To You, Yahweh, I lift up my soul, O my God.

~ Tim Manion, “I Lift Up My Soul

 

 

 

I just don’t know what to write about anymore. I have a hard time getting my mind to focus. The thoughts that go through my head are full of me.  I’m being so self-focused. How do I feel today? I can’t seem to concentrate or meditate.  Sometimes I’m a bit afraid and I need to give myself a good talking to. People ask how I am and all I know to say is, “I’m hanging in there.” Or “I’m ok.” And I am ok, even when I’m not. This meditation is days late and I had it mostly ready on Friday of last week. I just couldn’t finish it.

 

 When a person is seriously ill, all of one’s days seem to be the same.  Or at least it seems so to me. I can plan to do a certain thing, but I may not feel well enough to do what I plan. Or I might have a doctor’s appointment somewhere.  In the last four months, I have been in the hospital four times and in ER three or four as well. I have said, often, that I try to stay in the moment because that is the place I really live.  I don’t live in yesterday and I don’t live in tomorrow, but really living today is, many times, difficult.

 

I had an appointment with the cancer nurse about two weeks ago and she told me that the doctor is not going to give me the cancer drug again. That’s good because we’ve tried it twice.  I have had two episodes of septic shock while taking it – the second episode was the very day that I restarted it. My last two hospital stays were because of serious reactions to that medication and those episodes have really sapped my energy. The first one nearly killed me. My life now, for sure, is in the hands of God, but then, life really is anyway, isn’t it? I continue to hang tight to the hem of Jesus’ garment. But there are other things I can do.  God things. Jesus things.

 

 I can, and have decided to, take something from each day that comes.  I can focus on where I have noticed the presence of Jesus this day. What has God given to me? What joy? What insight? What sense of his presence? What God moment? What gratitude? What event took place? Perhaps a disappointment. What did God teach me through that disappointment? When in this day was I closest to God? When did I feel far from God or did I? Where did I see light today? When did I give it? For what was I grateful today? Most grateful? In our evening prayer I can, and did, talk this day over with Jesus.

 

Part of this exercise is called the Examine of Consciousness (awareness). This is NOT the Examination of Conscience used for preparation before making a confession. The Examine was developed by St. Ignatius Loyola but I have added some of my own questions for reflection.

 

These last two weeks I’ve been trying to deliberately be more aware of God in my day. Since Thanksgiving was yesterday, my main focus for the week has been on gratitude and giving thanks. Sometimes, when a grateful thing happens, I send myself a note so that I don’t forget these things at the end of the day and can list them.

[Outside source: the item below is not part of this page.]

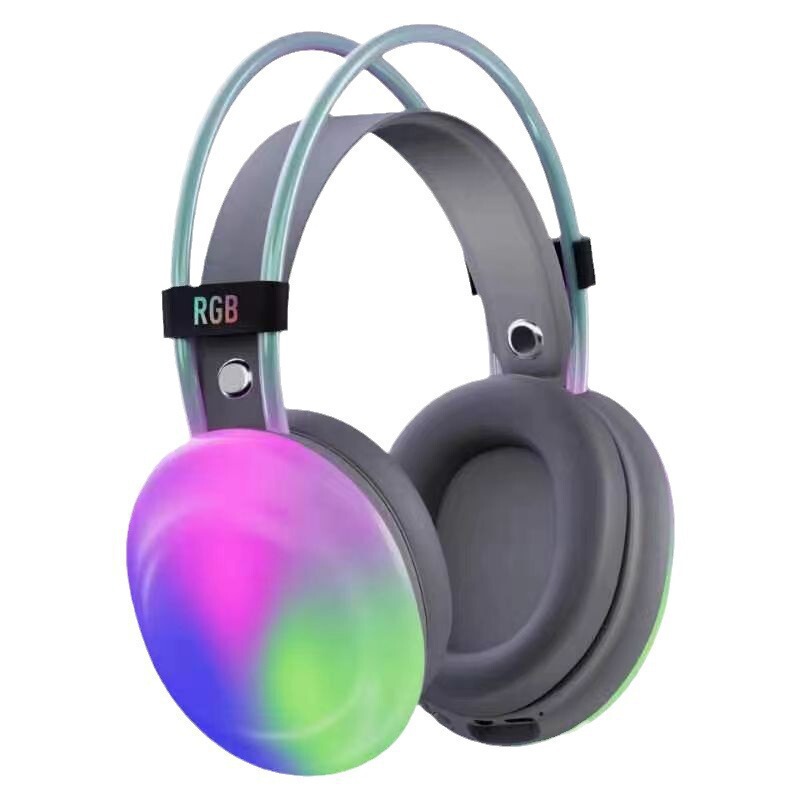 Classroom Silent Party Disco Uhf Frequency Modulation Square Outdoor Networking Dance Event Wireless Headset 2.4g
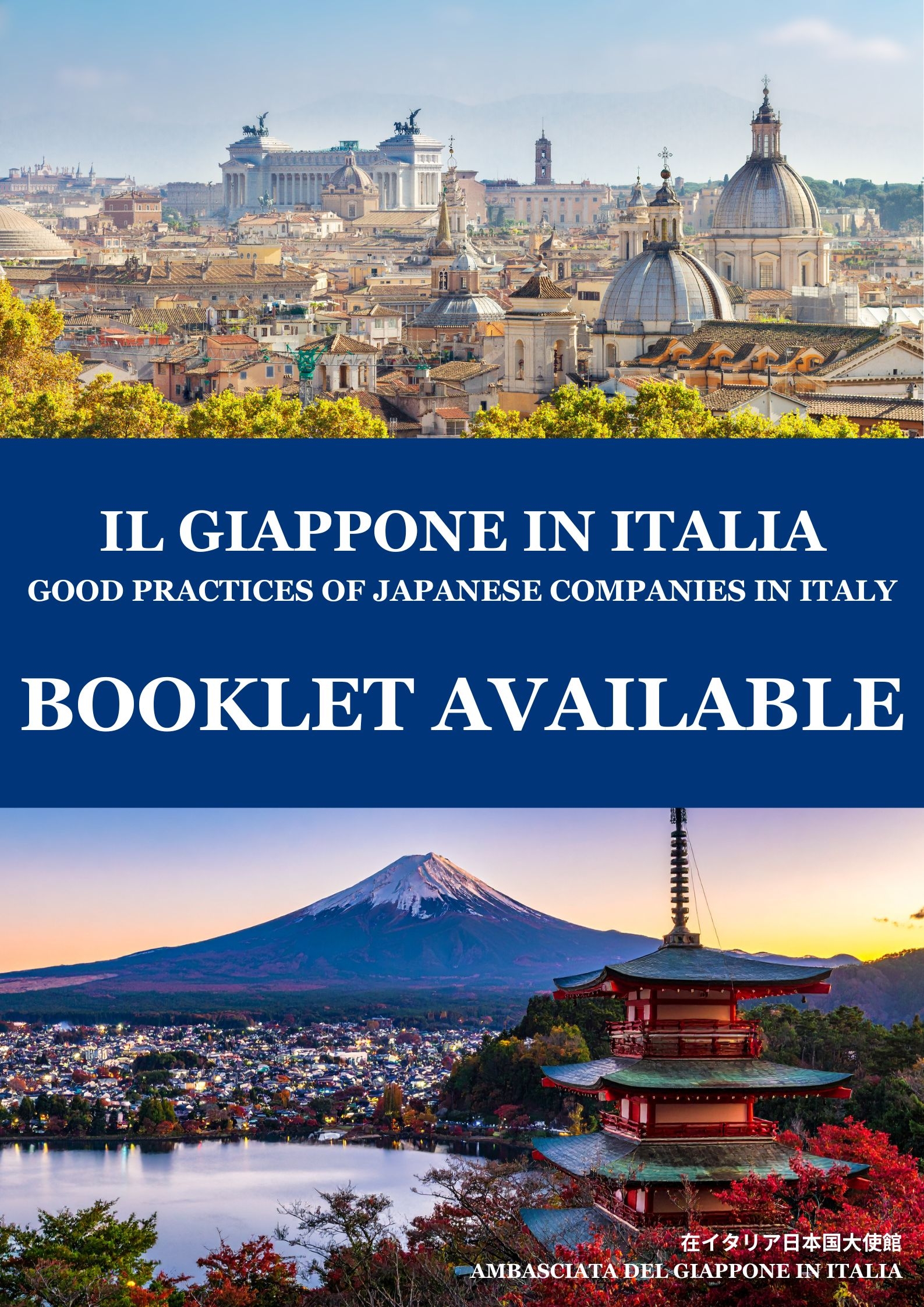 Good practices Japanese Companies in Italy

Included in my list for the last two weeks of gratitude are thanksgivings for the many prayers being said for my healing and for comfort for my family

For delicious meals brought in

 

For a warm fire on a cold, grey day, watching the flames and feeling God’s presence

 

Feeling better and stronger some days

 

Being able to do a few household chores

 

Being able to sing a bit more

 

My voice is stronger

 

Good day with Soul Friends

 

I walked around the block.  Ok, it’s a long block. Without backup.  First time in awhile.

 

 See how much better I feel after just listing some of my grateful things.  I thank God for them and you. If you want to know more about the Examine, let me know,

 

 When you’re looking for JOY, you will always find it hiding in your GRATITUDE ~ unknown

 

 May you find many grateful things the rest of this Thanksgiving week for which you want to thank God. 

 

 Peace and Good, Donna

 

A FRIDAY MEDITATION – It would be easy

But you, O Lord, are a shield about me, my glory, and the lifter of my head. ~ Psalm 3:3

If things keep continuing as they have been the last four months, I’m going to need to rename A Friday Meditation to A Saturday Meditation. Friday appears to be taken over by the medical people in my life for the moment.

It’s been almost five weeks since I had the serious septic shock episode. I am, finally, feeling a bit stronger. The pain in my back is lessening and my stamina (what stamina?) is increasing by micro amounts. But it is increasing, and I thank God for that.
This has been a challenge on so many fronts.

It would be easy to feel discouraged.

It would be easy to fear starting my cancer meds again even though it is a smaller dose.

It would be easy to worry if the medicine will do anything, now, in this dose even when the larger dose was helping.

It would be easy to be afraid of having another serious episode of something.

These are all within the realm of possibility, but if and when I do go there in my mind, I am nowhere near the present moment where I want to remain. I forget who holds the reigns on this journey. I forget that I am to hold on to his garment, and I lose my peace. I don’t like to lose my peace because I am likely to find myself in the middle of all of the “Why doesn’t God….” or “Why does God…” questions which just aren’t helpful to me.

What is helpful is to remember that Jesus is about loving and about healing. He was about it while he was on earth and he is about it still. He still works what we call miracles and he works through his body on earth the church and those who make up the church if we let him. He works through the doctors that he has called into that ministry. For me, he has already done many healings and savings over the last four months. I remember those and replace my worries with Himself.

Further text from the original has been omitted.